In 1972, a new revision (APB 25) in accounting rules resulted in the ability of any company to avoid having to report executive incomes as an expense to their shareholders if the income resulted from an issuance of “at the money” stock options.
In essence, the revision enabled companies to increase executive compensation without informing their shareholders if the compensation was in the form of stock options contracts that would only become valuable if the underlying stock price were to increase at a later time.
The reporters note that the chief financial officer of Broadcom urged that the options awards to executives be dated on December 24th.
They then add: That sure is snide and sounds clever.

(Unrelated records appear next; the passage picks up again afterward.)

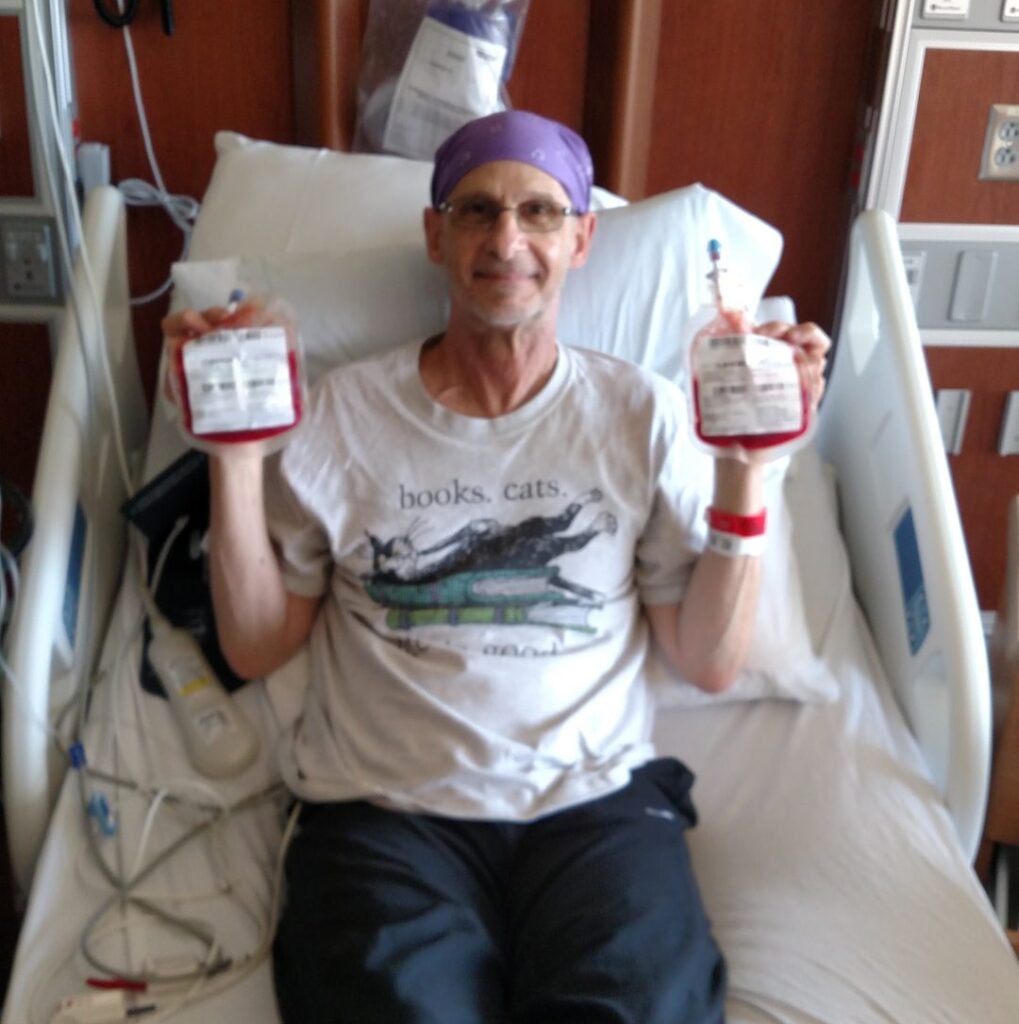 Steve holding his donor cord blood for stem cell transplant
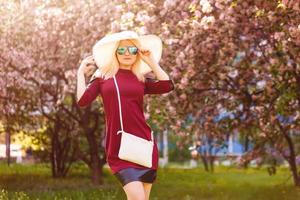 zomer mode portret van mooi blond vrouw poseren Aan verbazingwekkend bloeiend boom achtergrond .dragen zonnebril, gewoontjes hoed , modieus blauw zijde kimono en fluweel choker. elegant handtas. foto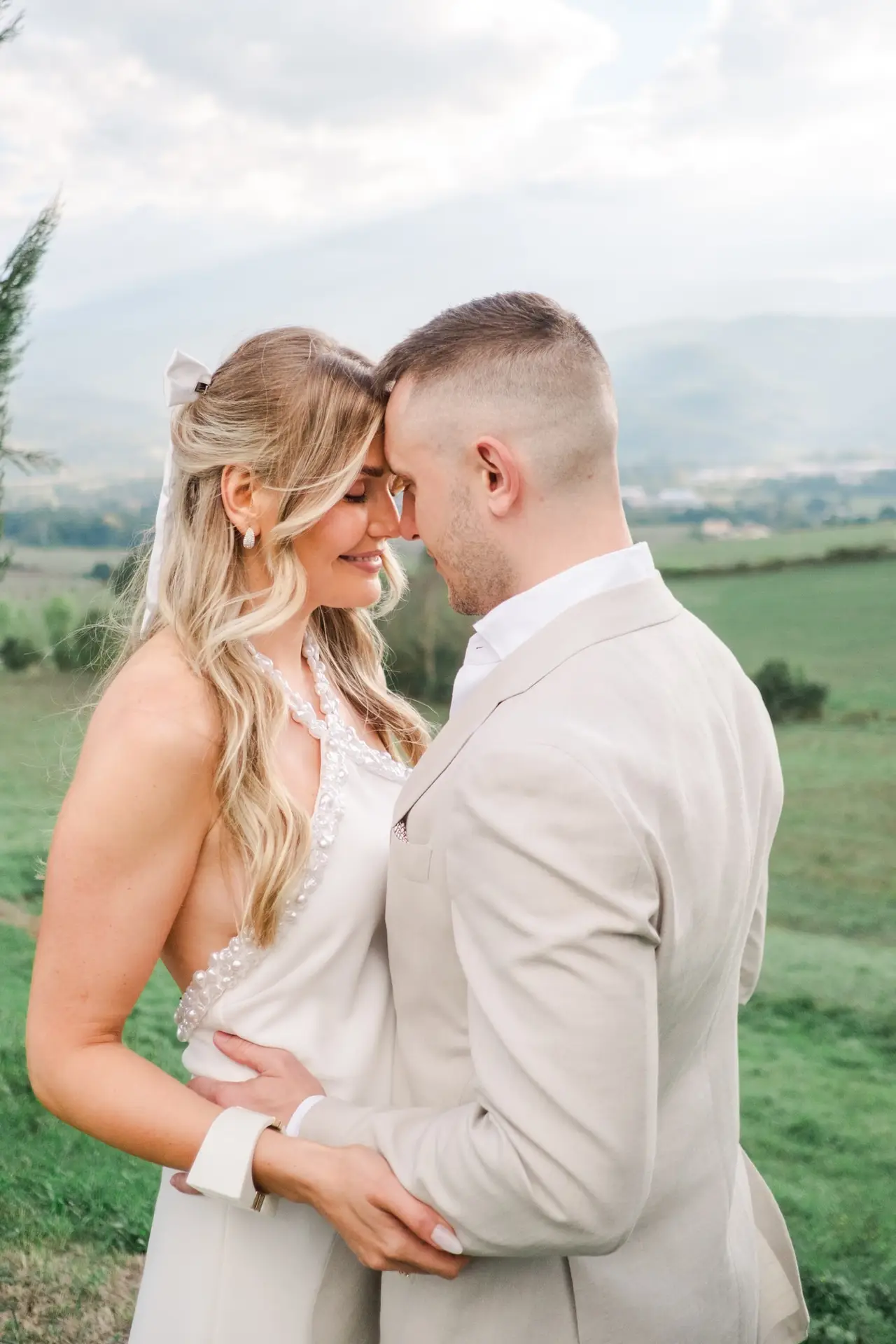 Couple en tenue claire enlacé dans un paysage naturel en Toscane, au Borgo Corsignano, partageant un moment intime photographié par Julien Boyer.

Backdating does not violate shareholder-approved option plans.It’s far more likely that the executives at Broadcom were going to receive total compensation packages worth a certain amount, and that dating the option grants earlier just allowed the company to issue fewer options.The explicit nature of the chief financial officer’s email makes it very clear that the intent was not to somehow conceal how much the executives were getting paid.Additionally, companies can use backdating to produce greater executive incomes without having to report higher expenses to their shareholders, which can lower company earnings and/or cause the company to fall short of earnings predictions and public expectations.Corporations, however, have defended the practice of stock option backdating with their legal right to issue options that are already in the money as they see fit, as well as the frequent occurrence in which a lengthy approval process is required.The SEC’s opinions regarding backdating and fraud were primarily due to the various tax rules that apply when issuing “in the money” stock options vs.the much different – and more financially beneficial – tax rules that apply when issuing “at the money” or "out of the money" stock options.In an earlier piece we discussed the issues surrounding the growing practice of corporations “grossing up” various payments due their executives in an attempt to shield them from further tax consequences.Now Charles Forelle and James Bandler in the Wall Street Journal report on the purported practice of “backdating option grants” for executives so as to maximize their value for the executives who receive them [Ed.: Executive pay at VTSS, MERQE, ADI, CMVT and BRKS were questioned -- see chart from WSJ].Professor notes the academic research on the topic and provides a legal perspective on the practice of backdating: There’s nothing inherently illegal about either paying large compensation or even backdating an option contract, so long as proper corporate procedures were followed and the grant does not amount to a waste of corporate assets.Where public corporations are concerned, however, failure to disclose the backdating likely would constitute securities fraud.